STUDY MATERIAL:
* * * * * * * * *
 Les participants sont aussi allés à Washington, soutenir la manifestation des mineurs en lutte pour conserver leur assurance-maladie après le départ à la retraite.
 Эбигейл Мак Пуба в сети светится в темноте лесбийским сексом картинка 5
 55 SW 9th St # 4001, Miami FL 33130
* * * * * * * * *
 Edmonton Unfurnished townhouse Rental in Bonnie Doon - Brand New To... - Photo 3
* * * * * * * * *
AIM OF THE EXERCISE:
Please make an exact copy of the lines above from the line with "Les participants sont" through the line with "55 SW 9th St # 4001, Miami FL 33130", both ends included.

WRITTEN RESPONSE:
 Les participants sont aussi allés à Washington, soutenir la manifestation des mineurs en lutte pour conserver leur assurance-maladie après le départ à la retraite.
 Эбигейл Мак Пуба в сети светится в темноте лесбийским сексом картинка 5
 55 SW 9th St # 4001, Miami FL 33130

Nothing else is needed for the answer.